■ **Given data**
::::
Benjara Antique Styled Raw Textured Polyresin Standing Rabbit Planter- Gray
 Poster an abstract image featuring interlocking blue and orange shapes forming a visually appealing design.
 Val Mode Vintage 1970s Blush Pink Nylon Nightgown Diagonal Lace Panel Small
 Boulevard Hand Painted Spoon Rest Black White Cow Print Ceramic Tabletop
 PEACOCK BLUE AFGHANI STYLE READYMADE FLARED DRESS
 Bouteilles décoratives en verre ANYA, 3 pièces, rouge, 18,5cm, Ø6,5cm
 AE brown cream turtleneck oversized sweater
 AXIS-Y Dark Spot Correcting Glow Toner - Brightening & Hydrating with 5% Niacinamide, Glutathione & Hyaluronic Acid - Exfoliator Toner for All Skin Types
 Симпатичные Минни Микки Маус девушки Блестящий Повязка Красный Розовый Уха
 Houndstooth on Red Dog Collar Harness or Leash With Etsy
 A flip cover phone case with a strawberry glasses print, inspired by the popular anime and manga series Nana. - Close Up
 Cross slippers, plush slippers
::::
■ **Aim of the exercise**
Could you repeat exactly the lines in the listing above from the one with "Poster an abstract" down to the one with "Bouteilles décoratives en"? Include both of those lines.

■ **Problem solution**
 Poster an abstract image featuring interlocking blue and orange shapes forming a visually appealing design.
 Val Mode Vintage 1970s Blush Pink Nylon Nightgown Diagonal Lace Panel Small
 Boulevard Hand Painted Spoon Rest Black White Cow Print Ceramic Tabletop
 PEACOCK BLUE AFGHANI STYLE READYMADE FLARED DRESS
 Bouteilles décoratives en verre ANYA, 3 pièces, rouge, 18,5cm, Ø6,5cm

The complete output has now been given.